-------- RECORDS TO USE --------
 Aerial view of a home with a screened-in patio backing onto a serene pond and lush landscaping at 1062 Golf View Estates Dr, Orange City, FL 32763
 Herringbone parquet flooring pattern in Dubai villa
--------
-------- RECORDS TO USE --------
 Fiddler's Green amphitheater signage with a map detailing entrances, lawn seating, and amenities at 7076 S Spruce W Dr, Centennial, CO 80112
--------
-------- RECORDS TO USE --------
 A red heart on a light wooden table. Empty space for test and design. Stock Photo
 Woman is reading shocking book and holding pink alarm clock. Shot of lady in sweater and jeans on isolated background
--------
=== TASK INSTRUCTIONS ===
Scan the entries above for the string "with" and copy each line containing it.

=== ANSWER FOR THIS EXERCISE ===
 Aerial view of a home with a screened-in patio backing onto a serene pond and lush landscaping at 1062 Golf View Estates Dr, Orange City, FL 32763
 Fiddler's Green amphitheater signage with a map detailing entrances, lawn seating, and amenities at 7076 S Spruce W Dr, Centennial, CO 80112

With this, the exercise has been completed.